BILANZ: Wie schätzen Sie die Drohung von Standard & Poor’s (S&P) ein, das Rating für die Kreditwürdigkeit Deutschlands herabzustufen, sollten weitere Reformen ausbleiben?
Thomas Straubhaar: Es ist wohl eher ein Warnschuss. Die Hängepartie nach den Wahlen hat zunächst keinen Einfluss auf das Rating. S&P plant keine kurzfristige Anpassung, sondern geht gar davon aus, dass Deutschland in den nächsten 12 bis 24 Monaten noch immer das gute «AAA» behalten wird.
Dies ist wohl keine Aussage, auf der sich die Regierung ausruhen sollte.
Nein. Das Rating kann sich jederzeit ändern, wenn in Deutschland die Reformen nicht vorangetrieben werden und die Verschuldung weiterhin steigt. Von allen Ländern, die von S&P geratet werden und die ein «AAA» haben, hat Deutschland – mit zwei Dritteln des Sozialprodukts – den höchsten Verschuldungsquotienten. Tendenz steigend.
Mit welchen Massnahmen sollte diese Misere jetzt bekämpft werden?
Als Erstes muss dieser Trend gebrochen werden. Rot-Grün hat primär versucht, durch neue Steuereinnahmen, das Schliessen von Schlupflöchern und den Abbau von Privilegien den Schuldenberg abzutragen. Dies wird aber nicht genügen. Zum einen sind ein höheres Wachstum und eine höhere Beschäftigung unabdingbar, um mehr Staatseinnahmen zu generieren. Viel entscheidender aber ist es, die Staatsausgaben zu senken. Der Abbau von Ineffizienz und Verschwendung von Staatsmitteln ist dringend notwendig.
Wo ist die Verschwendung denn am schlimmsten?
Im Bericht des Bundes der Steuerzahler steht, dass pro Jahr 30 Milliarden Euro verschleudert werden. So werden Eisenbahnstrecken nicht aus ökonomischen, sondern aus politischen Gründen gebaut. Oder es werden für Wildschweine Brücken, für Fische Wendeltreppen erstellt. Sparen muss man auch dort, wo die Regierung Konsumausgaben subventioniert. Es beginnt mit der Rente, für die ja bereits Nullrunden eingeläutet sind. Auch bei der Arbeitslosenunterstützung hat es bereits Einschränkungen gegeben. Als Nächstes sollten Subventionen für Not leidende Branchen oder strukturschwache Regionen gezügelt werden.

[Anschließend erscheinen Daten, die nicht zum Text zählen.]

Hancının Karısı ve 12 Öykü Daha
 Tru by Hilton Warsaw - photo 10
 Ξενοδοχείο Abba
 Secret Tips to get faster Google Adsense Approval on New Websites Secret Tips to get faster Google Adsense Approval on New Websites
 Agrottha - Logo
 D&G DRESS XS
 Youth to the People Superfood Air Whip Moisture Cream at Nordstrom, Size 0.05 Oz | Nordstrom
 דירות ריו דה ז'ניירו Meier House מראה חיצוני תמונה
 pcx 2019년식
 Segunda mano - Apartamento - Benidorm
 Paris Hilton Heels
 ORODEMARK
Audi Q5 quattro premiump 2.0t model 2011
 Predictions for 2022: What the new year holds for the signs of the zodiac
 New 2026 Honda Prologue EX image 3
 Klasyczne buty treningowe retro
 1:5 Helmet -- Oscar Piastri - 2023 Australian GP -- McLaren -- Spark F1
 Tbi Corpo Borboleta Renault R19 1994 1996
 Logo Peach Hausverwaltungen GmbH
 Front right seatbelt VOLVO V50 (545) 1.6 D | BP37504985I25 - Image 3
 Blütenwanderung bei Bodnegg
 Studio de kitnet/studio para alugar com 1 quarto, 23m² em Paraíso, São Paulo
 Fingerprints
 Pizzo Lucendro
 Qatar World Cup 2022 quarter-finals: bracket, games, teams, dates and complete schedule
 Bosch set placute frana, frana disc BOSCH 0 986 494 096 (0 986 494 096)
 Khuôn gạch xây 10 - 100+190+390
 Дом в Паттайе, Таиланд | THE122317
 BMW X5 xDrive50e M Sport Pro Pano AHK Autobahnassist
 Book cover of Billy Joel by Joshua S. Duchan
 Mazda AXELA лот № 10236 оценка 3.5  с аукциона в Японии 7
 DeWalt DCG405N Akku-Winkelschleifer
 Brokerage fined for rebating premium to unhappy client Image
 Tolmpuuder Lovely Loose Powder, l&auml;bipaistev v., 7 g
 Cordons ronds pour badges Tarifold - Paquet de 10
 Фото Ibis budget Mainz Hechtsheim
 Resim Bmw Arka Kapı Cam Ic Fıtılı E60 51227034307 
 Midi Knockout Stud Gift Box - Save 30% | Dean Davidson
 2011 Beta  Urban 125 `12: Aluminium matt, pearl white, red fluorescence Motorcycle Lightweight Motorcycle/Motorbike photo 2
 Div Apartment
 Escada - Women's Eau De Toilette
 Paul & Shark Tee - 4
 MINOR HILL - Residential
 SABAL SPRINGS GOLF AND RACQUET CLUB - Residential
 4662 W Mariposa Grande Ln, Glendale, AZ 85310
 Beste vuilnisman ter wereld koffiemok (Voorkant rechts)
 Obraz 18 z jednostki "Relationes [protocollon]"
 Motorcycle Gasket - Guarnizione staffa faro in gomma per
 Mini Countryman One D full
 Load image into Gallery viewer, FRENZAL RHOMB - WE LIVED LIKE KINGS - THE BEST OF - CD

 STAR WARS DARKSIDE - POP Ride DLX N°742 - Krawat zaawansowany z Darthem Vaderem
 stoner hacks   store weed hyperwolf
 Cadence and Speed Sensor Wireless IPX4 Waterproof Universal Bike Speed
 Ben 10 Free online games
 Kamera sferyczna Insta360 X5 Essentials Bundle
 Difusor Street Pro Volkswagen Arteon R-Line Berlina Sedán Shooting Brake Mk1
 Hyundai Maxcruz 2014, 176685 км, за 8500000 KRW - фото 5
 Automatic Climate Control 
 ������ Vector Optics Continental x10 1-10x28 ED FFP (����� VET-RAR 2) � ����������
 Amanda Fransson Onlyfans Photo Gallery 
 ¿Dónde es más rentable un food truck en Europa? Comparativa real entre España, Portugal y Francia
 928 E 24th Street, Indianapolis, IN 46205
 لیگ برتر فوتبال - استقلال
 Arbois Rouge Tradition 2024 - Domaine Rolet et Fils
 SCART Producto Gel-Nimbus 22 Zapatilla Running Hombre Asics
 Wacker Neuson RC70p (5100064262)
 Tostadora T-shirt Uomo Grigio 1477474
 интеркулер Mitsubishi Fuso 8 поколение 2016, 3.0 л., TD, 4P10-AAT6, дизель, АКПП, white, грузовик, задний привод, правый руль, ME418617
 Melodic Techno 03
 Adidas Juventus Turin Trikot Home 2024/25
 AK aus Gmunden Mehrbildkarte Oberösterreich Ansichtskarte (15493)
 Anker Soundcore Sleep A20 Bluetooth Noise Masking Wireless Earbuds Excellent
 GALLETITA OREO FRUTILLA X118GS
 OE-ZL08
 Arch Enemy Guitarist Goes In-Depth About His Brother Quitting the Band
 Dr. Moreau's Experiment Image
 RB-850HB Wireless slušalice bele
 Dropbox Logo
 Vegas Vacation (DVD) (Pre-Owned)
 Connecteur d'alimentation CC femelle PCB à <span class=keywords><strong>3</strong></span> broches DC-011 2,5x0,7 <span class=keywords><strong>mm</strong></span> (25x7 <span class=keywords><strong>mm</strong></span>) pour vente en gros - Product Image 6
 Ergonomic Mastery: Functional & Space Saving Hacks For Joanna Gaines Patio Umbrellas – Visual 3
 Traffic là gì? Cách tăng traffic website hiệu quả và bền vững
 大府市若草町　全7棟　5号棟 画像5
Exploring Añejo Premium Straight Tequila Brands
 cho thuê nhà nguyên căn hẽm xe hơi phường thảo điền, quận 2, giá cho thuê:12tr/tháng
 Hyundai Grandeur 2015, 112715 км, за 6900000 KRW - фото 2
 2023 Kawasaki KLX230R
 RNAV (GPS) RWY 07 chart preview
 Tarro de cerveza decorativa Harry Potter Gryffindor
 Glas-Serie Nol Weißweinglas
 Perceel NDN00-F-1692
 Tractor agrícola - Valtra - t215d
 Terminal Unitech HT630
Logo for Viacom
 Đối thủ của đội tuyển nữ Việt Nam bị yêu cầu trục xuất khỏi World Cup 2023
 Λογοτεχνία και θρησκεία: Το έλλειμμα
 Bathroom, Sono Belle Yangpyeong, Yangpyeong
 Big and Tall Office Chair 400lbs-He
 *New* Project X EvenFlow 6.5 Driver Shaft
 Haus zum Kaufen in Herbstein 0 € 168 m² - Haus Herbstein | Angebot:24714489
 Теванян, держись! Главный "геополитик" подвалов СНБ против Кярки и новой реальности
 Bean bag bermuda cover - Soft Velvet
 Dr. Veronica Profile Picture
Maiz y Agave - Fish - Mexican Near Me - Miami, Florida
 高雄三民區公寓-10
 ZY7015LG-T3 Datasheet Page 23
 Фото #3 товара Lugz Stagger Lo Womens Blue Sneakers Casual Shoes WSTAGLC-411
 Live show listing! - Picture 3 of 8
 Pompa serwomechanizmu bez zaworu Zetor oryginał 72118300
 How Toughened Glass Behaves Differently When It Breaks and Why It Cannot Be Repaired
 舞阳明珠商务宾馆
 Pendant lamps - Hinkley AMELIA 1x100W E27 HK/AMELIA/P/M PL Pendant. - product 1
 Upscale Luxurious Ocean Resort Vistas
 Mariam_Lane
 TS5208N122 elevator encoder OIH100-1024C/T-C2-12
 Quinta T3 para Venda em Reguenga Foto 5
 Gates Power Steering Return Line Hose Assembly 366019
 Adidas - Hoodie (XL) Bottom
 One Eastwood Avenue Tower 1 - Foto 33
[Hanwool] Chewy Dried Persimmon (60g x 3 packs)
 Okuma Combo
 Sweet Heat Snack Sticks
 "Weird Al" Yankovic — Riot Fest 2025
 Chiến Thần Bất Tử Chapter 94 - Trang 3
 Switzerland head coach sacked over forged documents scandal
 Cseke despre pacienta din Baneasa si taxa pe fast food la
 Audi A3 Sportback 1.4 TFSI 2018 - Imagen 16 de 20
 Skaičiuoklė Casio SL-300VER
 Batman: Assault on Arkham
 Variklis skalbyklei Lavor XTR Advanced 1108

Trauen Sie einer grossen Koalition zu, solche Reformen zügig durchzusetzen?
Nein. In grossen Koalitionen kann man nicht eine Politik mit Ecken und Kanten machen. Wenn ich jetzt lese, dass es schnell zu einer Einigung über eine Erhöhung der Mehrwertsteuer kommen soll, dann sehe ich meine Bedenken bestätigt. Wenn sich ein Kartell an den Tisch setzt, dann werden in aller Regel Verträge zu Lasten Dritter gemacht. Der Schuldenberg wird weiter ansteigen. Und auf der Einnahmenseite beginnt man da zuzuschlagen, wo sich die Bürger nicht wehren können. Die Mehrwertsteuererhöhung wird wohl der erste Schritt sein. Danach folgen dann das Schliessen von Steuerschlupflöchern und der Abbau von Steuerprivilegien, was zwar vernünftig, aber letztlich doch eine Steuererhöhung ist. Für mehr Wachstum müsste man aber die Lohnnebenkosten senken oder die Steuersätze ganz generell herabsetzen.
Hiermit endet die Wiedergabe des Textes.